---- Entries provided

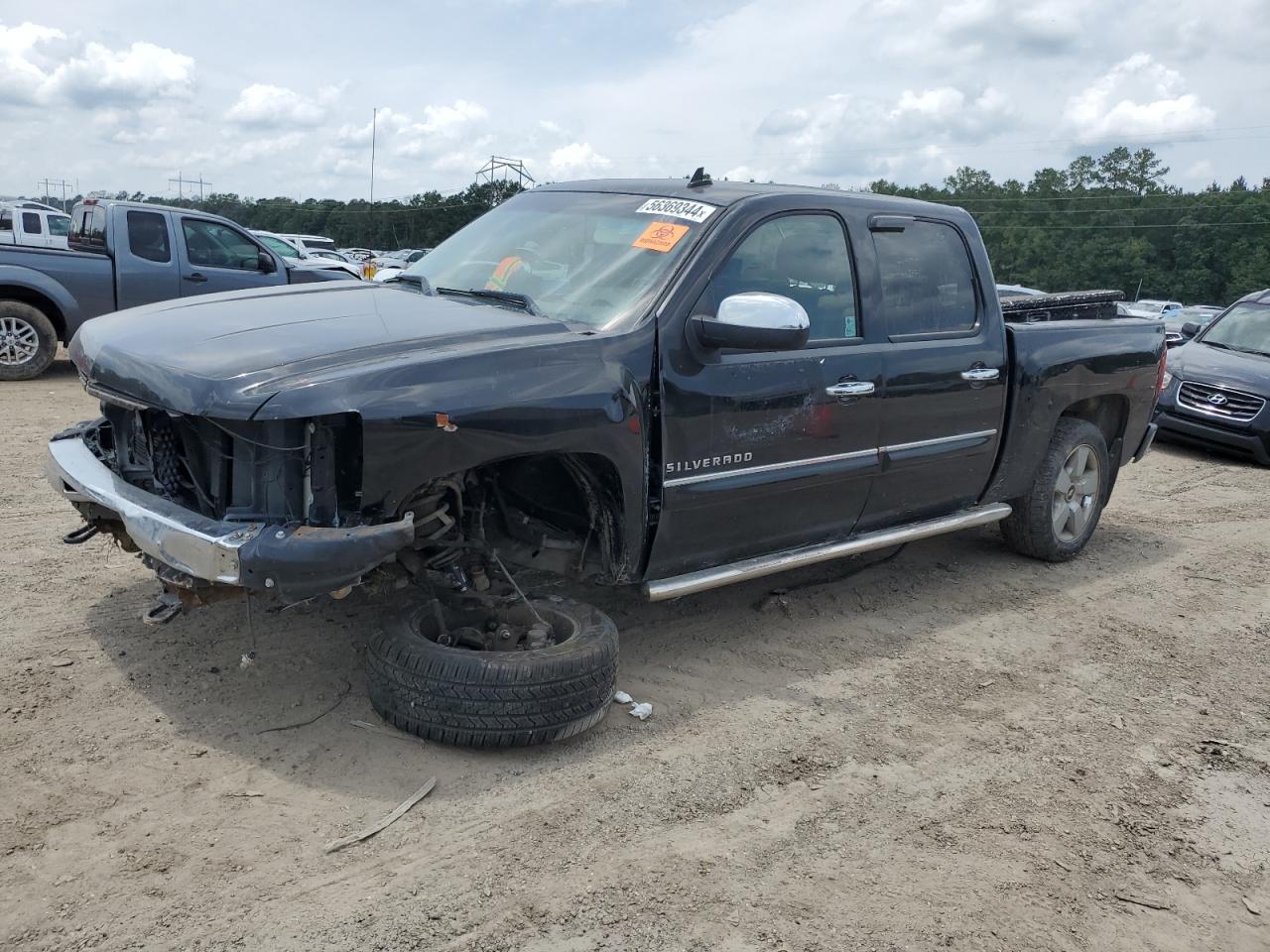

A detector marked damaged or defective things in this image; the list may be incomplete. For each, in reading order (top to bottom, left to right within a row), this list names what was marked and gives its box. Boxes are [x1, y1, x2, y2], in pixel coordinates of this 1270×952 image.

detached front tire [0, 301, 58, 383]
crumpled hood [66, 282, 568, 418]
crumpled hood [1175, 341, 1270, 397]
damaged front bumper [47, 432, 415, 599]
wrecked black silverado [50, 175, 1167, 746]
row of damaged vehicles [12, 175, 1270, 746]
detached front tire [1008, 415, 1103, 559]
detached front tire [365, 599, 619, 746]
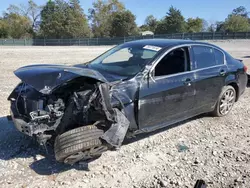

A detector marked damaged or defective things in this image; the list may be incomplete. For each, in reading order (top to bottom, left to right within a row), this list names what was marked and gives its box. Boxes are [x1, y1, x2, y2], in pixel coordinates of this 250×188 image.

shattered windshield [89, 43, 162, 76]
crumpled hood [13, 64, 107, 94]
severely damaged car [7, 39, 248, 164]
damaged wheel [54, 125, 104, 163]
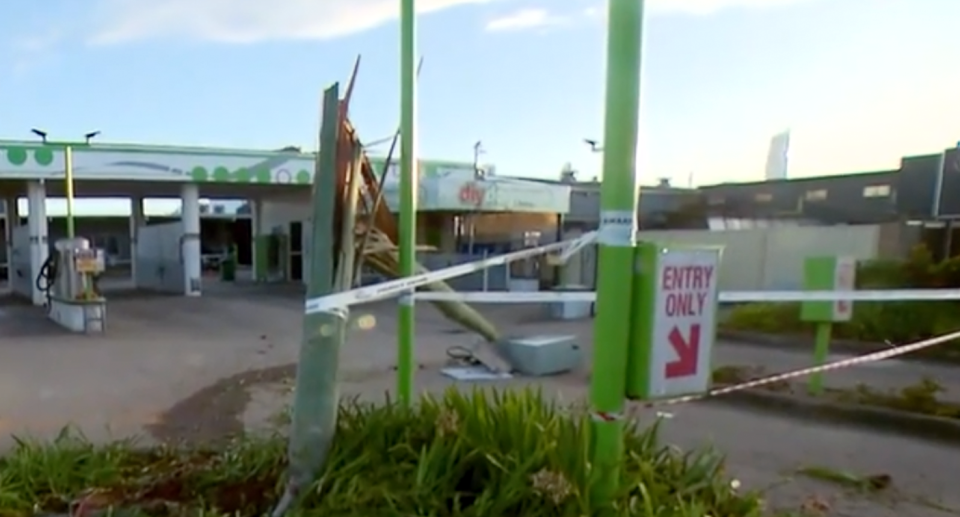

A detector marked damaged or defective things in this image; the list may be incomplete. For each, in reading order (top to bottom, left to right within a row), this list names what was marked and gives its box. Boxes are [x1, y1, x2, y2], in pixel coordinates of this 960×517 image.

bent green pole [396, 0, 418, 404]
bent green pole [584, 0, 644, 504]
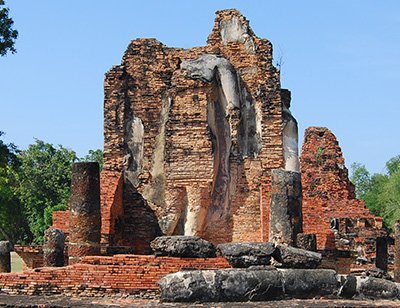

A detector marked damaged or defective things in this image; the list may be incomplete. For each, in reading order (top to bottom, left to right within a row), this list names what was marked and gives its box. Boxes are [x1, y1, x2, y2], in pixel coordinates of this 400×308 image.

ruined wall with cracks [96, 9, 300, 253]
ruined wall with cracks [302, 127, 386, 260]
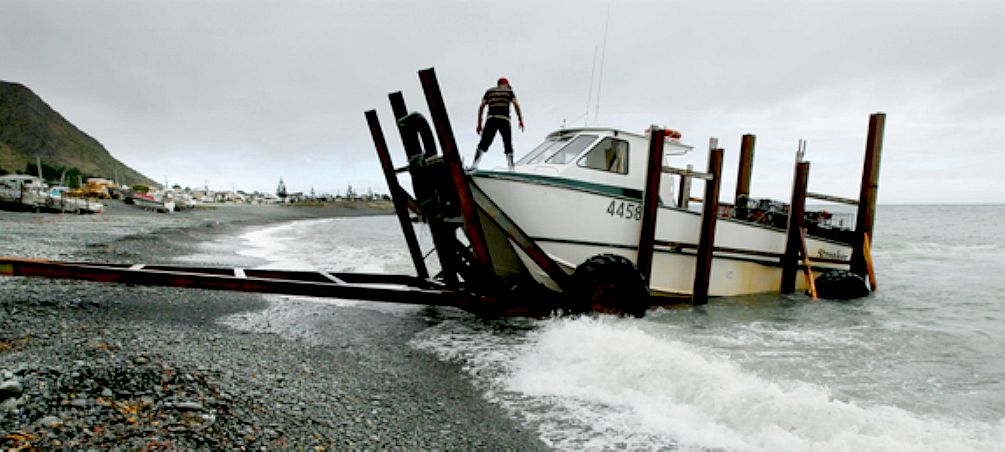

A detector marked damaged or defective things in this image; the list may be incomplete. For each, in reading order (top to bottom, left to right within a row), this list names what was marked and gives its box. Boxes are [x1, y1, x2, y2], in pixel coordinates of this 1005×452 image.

--------
---- Entries provided

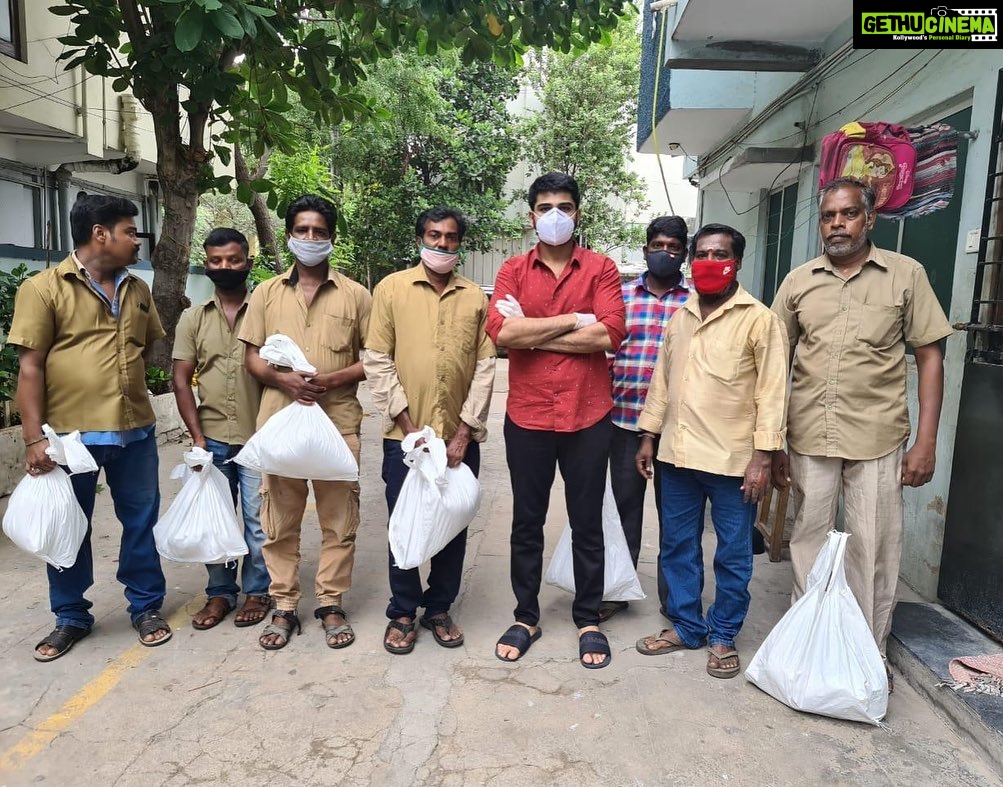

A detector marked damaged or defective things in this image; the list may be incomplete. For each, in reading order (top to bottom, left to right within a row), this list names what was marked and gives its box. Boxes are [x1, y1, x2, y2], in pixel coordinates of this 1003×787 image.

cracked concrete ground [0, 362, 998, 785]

--------

→ **Work instruction**
Line for line, output the entries above from the line with "this 250×188 image." to the line with "this 1005×452 image.", both included, and nothing more. Skip pictures.

→ **Answer below**
A detector marked damaged or defective things in this image; the list may be incomplete. For each, in reading order (top to bottom, left to right within a row), this list names what was marked and gives its box. Boxes are [x1, y1, x2, y2], in pixel coordinates of this 250×188 image.

shattered windshield [89, 43, 162, 76]
crumpled hood [13, 64, 107, 94]
severely damaged car [7, 39, 248, 164]
damaged wheel [54, 125, 104, 163]

A detector marked damaged or defective things in this image; the list may be incomplete. For each, in reading order (top to bottom, left to right within a row), this list names what was marked and gives its box. Boxes are [x1, y1, x2, y2], in pixel coordinates of this 960×517 image.

bent green pole [396, 0, 418, 404]
bent green pole [584, 0, 644, 504]

A detector marked damaged or defective things in this image; the list may be incomplete. For each, in reading order (top to bottom, left to right within a row), this list names what was marked and gives its box. Boxes are [x1, y1, x2, y2], in pixel coordinates of this 400×308 image.

ruined wall with cracks [96, 9, 300, 253]
ruined wall with cracks [302, 127, 386, 260]

A detector marked damaged or defective things in this image; the list may be incomplete. For each, in reading order (top to bottom, left to right within a row), this list names what was marked and gives its box. Boxes are [x1, y1, x2, y2], in pixel coordinates of this 1005×452 image.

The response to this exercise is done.